Van owner claims movie studio copied her design ideas. DANIHER v. PIXAR

Van owner claims movie studio copied her design ideas. DANIHER v. PIXAR

A copyright is a set of exclusive rights granted to the creator of an original work of art when the art is fixed in a tangible form.  Registering the work with the United States Copyright Office will strengthen the exclusive rights granted by copyright law, but is not necessary for a copyright to be granted.  The creator of an original work of art is granted the exclusive right to copy distribute and sell the copyrighted work, among other things.  If someone other than the copyright owner exercises one of the exclusive rights granted by copyright law, that is considered copyright infringement.  A copyright owner can sue to stop copyright infringement with an injunction and to get monetary damages for infringement which has occurred.

To win a claim of copyright infringement a plaintiff must show they own a valid copyright, and that the defendant actually copied the work.  Direct copying is proven by showing that an exact reproduction of the copyrighted work was made.  Absent evidence of direct copying, proof of infringement involves proving that the defendant had access to the plaintiff’s work and that the two works are substantially similar.  Under the doctrine of substantial similarity, a work can be found to infringe copyright even if the wording of text has been changed or visual or audible elements are altered.

The substantially similar test is intended to protect the main purpose of copyright law, ie the advancement of science and the useful arts.  Frequently creators are inspired by the works of other creators. Drawing inspiration from an earlier work is not considered copyright infringement because copyright law protects the expression of ideas, not the ideas themselves. However there is a fine line between inspiration and imitation.   If a new work is substantially similar to a prior work, then copyright infringement may have occurred.  Proof of substantial similarity is satisfied by a two part test of extrinsic similarity and intrinsic similarity. The extrinsic test is objective in nature and requires the plaintiff to identify specific criteria which it alleges have been copied. Unprotectable elements such as idea, concepts and elements in the public domain are filtered out of the extrinsic test. The intrinsic test is an examination of an ordinary person’s subjective impression of the similarities between the two works, and is the exclusive province of the jury.

SWEET CICELY DANIHER, v. KORI RAE; PIXAR ANIMATION STUDIOS; PIXAR TALKING PICTURES; and WALT DISNEY MOTION PICTURES GROUP, 5:20-cv-00612 (N.D.CA 2020) is a case which will revolve around the question of substantial similarity. The plaintiff in this case is a photographer and artist whose subject matter frequently focuses on unicorns.  The plaintiff owns a van which features a large mural of unicorn.  The unicorn mural was completed by the plaintiff in November 2014 and has been frequently publicly displayed since completion.  Plaintiff registered her claim to the unicorn mural with the Copyright Office, with an effective copyright registration date of December 13, 2019 and a registration number of VA 2-183-283.

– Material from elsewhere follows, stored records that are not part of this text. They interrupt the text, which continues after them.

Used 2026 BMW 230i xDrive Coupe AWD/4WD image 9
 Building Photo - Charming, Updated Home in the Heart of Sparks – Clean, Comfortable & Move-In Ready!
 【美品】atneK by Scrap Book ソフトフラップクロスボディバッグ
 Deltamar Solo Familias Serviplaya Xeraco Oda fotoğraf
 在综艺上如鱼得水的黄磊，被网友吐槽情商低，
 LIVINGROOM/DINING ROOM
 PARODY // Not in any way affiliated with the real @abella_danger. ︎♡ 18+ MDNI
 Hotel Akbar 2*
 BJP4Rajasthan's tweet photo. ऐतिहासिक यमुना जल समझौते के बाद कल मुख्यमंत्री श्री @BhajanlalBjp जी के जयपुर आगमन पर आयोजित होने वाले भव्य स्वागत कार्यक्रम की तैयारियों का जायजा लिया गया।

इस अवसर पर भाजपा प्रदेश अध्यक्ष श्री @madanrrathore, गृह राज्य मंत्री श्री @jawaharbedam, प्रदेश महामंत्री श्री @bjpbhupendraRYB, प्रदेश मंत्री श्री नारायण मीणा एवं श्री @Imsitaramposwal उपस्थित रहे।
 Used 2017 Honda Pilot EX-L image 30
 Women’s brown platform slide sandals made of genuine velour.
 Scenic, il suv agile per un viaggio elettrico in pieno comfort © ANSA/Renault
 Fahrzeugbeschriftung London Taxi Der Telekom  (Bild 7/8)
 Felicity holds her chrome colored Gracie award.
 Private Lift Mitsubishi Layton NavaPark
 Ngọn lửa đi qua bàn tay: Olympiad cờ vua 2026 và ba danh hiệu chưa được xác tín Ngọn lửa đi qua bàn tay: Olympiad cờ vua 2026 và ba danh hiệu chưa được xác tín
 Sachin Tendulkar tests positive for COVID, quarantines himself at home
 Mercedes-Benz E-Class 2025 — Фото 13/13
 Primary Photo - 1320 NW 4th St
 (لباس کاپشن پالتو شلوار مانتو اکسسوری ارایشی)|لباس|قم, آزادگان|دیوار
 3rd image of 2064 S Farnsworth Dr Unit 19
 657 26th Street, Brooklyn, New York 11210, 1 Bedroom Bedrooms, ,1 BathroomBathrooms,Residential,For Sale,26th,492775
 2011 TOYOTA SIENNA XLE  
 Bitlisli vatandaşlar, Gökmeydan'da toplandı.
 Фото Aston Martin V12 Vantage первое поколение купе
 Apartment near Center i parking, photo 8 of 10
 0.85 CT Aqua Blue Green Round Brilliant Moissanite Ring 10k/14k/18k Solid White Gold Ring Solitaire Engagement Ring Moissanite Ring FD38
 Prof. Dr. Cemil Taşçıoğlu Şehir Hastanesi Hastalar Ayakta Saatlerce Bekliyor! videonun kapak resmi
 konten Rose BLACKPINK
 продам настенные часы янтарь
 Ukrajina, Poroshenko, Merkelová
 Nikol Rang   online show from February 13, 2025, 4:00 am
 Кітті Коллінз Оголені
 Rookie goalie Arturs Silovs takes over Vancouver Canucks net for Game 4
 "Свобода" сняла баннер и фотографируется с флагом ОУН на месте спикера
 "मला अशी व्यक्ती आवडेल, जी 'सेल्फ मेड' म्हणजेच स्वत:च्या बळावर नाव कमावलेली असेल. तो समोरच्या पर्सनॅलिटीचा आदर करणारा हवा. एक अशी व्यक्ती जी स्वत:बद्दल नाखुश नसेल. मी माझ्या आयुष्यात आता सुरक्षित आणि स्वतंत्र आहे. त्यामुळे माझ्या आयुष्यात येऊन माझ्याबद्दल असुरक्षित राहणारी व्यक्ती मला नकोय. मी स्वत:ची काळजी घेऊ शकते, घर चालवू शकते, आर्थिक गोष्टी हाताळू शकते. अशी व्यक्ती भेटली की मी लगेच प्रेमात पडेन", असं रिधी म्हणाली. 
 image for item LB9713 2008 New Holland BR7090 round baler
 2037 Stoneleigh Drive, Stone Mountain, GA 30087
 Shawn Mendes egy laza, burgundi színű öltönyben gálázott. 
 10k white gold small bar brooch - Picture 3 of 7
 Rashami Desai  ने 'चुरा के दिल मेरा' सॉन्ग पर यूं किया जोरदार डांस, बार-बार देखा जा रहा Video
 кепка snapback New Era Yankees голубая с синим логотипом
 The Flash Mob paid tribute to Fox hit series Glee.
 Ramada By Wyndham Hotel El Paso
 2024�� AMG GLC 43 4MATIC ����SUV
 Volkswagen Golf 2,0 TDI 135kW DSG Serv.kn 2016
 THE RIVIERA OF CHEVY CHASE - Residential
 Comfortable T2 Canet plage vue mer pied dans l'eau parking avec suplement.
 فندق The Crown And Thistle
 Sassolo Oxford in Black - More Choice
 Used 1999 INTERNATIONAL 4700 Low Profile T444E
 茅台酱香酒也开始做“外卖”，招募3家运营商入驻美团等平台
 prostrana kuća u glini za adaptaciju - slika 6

The defendant in this case is a major movie studio.  In September 2018 an employee of the Defendant asked to rent the Plaintiff’s van for an employee event.  The employee said that the van would be a show piece and used as a visual prop for the event.  In May 2019 the plaintiff learned that her van had been used as a model for a van which would appear in a movie produced by the defendant.  Merchandise related to the movie was also planned to be released by the defendant, which included toy versions of the van in the movie.

The plaintiff filed a complaint for copyright infringement.  In the complaint she asserts that she has a valid copyright to her van artwork, that the defendant had access to her copyrighted work and that the defendant’s version of a van with a mural was substantially similar to her own.  While the plaintiff makes a strong case for copyright infringement, it is not an air tight case.  With respect to the substantially similar test, there are some differences between the plaintiff’s van mural and the defendant’s creation.  For instance, the plaintiff’s van features a unicorn and the defendant’s creation is a Pegasus, the animals are in different positions, the backgrounds are different and the window on the two vans are different, to name a few differences. The defendant has a valid argument that the two murals are different, whether or not a jury will be convinced is another question.  Most likely this case will settle quickly because the defendant does not want to have litigation looming over the release of their movie.